This blog is a space for creative and reflective writing by faculty and students, that foregrounds the complexities under-girding and giving shape to our present historical predicament. Caught in the vortex of the Covid-19 pandemic, racism, capitalism, economic inequality, nationalism, neo-fascism, war, and climate change, people across the world are faced with unprecedented levels of uncertainty and social, economic and political upheaval.
Can the term ‘disaster’ provide direction to critical inquiries into the problem of social injustice? What does it mean to consider the Covid-19 pandemic as a disaster, cognizant of the fact that it today mercilessly stakes its own spatio-temporality, undeterred by our expectations that it behave like a temporally book-ended and spatially constrained disaster?
What of racism, of the sort that was visited upon the person of George Floyd in Minneapolis, or countless other Black women, men, and children murdered by the police over the last few years alone? Unlike the COVID-19 pandemic, here human agency, intent and motive are inescapable facts, but so too is the historically rooted structural coherence between state and social orders, which sustains anti-Black tyranny inasmuch as it protects white privilege and private property. White supremacist ideology, despite its historical and geographical particularities, is also pandemic-like: it knows no geographical boundaries, and its historical roots are depressingly deep, holding together the subsoil of modernity itself, nurtured by slavery, colonialism, and capitalism.
How might we productively think about social injustice through the frame of disasters?
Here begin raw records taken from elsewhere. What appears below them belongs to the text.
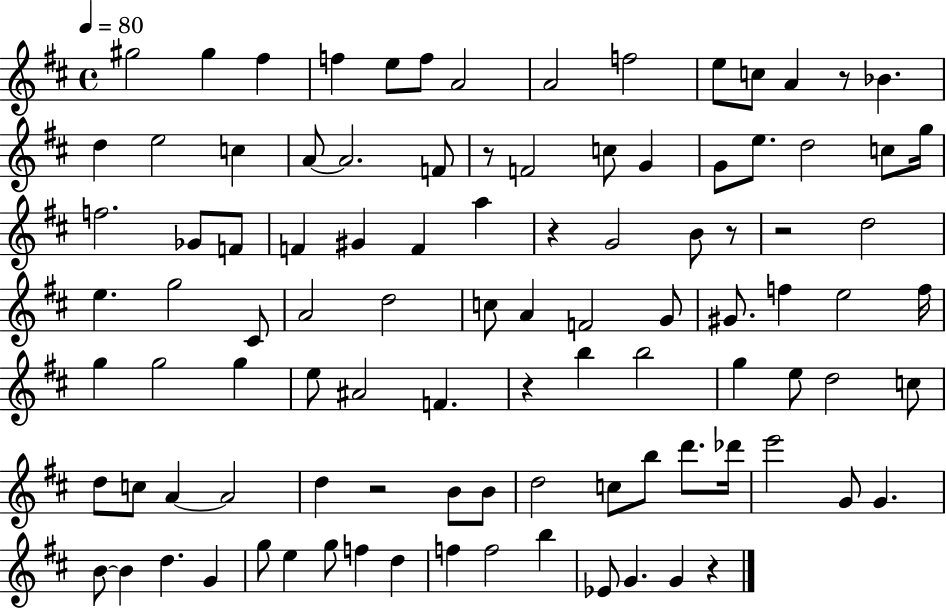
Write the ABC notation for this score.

X:1
T:Untitled
M:4/4
L:1/4
K:D
^g2 ^g ^f f e/2 f/2 A2 A2 f2 e/2 c/2 A z/2 _B d e2 c A/2 A2 F/2 z/2 F2 c/2 G G/2 e/2 d2 c/2 g/4 f2 _G/2 F/2 F ^G F a z G2 B/2 z/2 z2 d2 e g2 ^C/2 A2 d2 c/2 A F2 G/2 ^G/2 f e2 f/4 g g2 g e/2 ^A2 F z b b2 g e/2 d2 c/2 d/2 c/2 A A2 d z2 B/2 B/2 d2 c/2 b/2 d'/2 _d'/4 e'2 G/2 G B/2 B d G g/2 e g/2 f d f f2 b _E/2 G G z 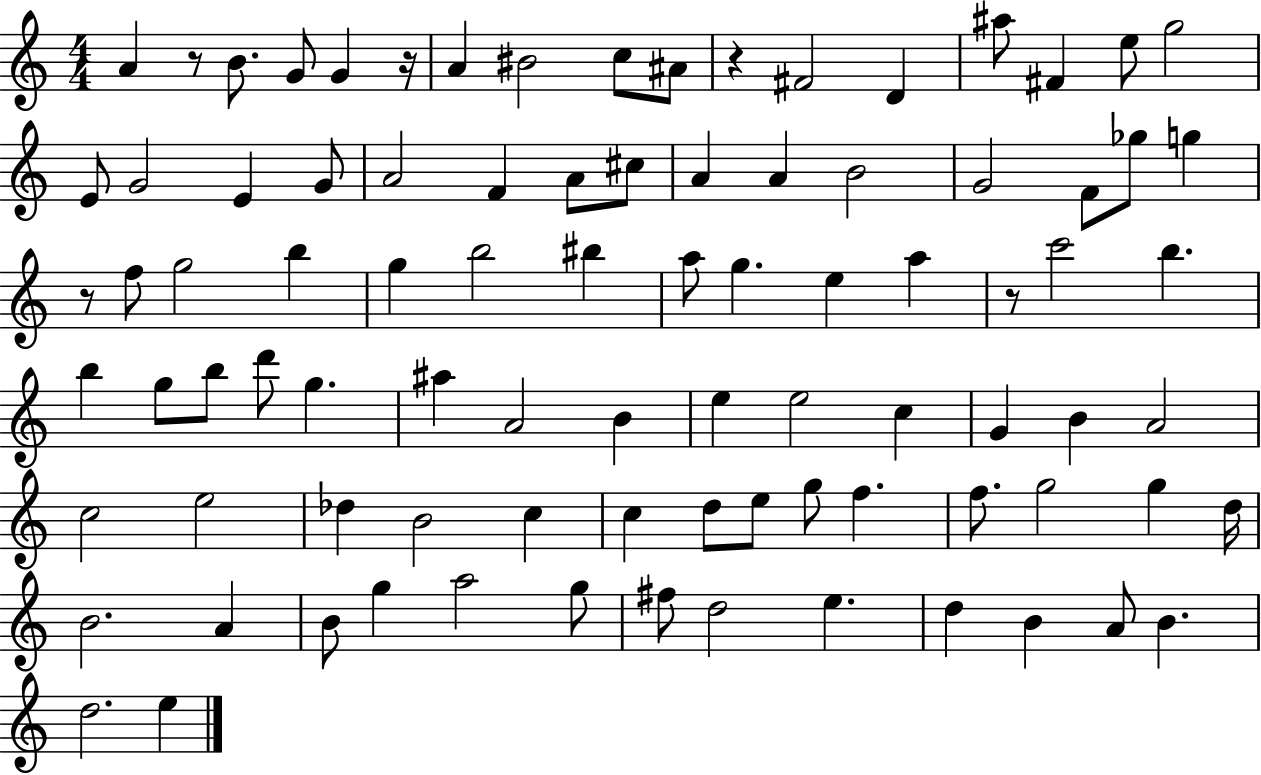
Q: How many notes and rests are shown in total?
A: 89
Can we continue compartmentalizing catastrophes depending on their natural or anthropogenic provenance? When the COVID-19 pandemic, anti-Black police and carcereal violence, catastrophic levels of unemployment, and a host of disasters conditioned by rampant structural racism shape the cruel horizon of possibility for millions of Black people in America? Does imagining people as vulnerable prevent us from bearing witness to their oppression? Can our scholarly pre-occupation with resilience blind us to the challenge and necessity of resistance?
This blog is a modest attempt to open up conversations on what *is* as well as what *ought to be* from a critical disaster studies perspective, attempting to necessarily blur conventional lines drawn between disaster vulnerability and social injustice, resilience and resistance, critique and practice. It, like its subject matter, is a work in process, and hopefully, progress.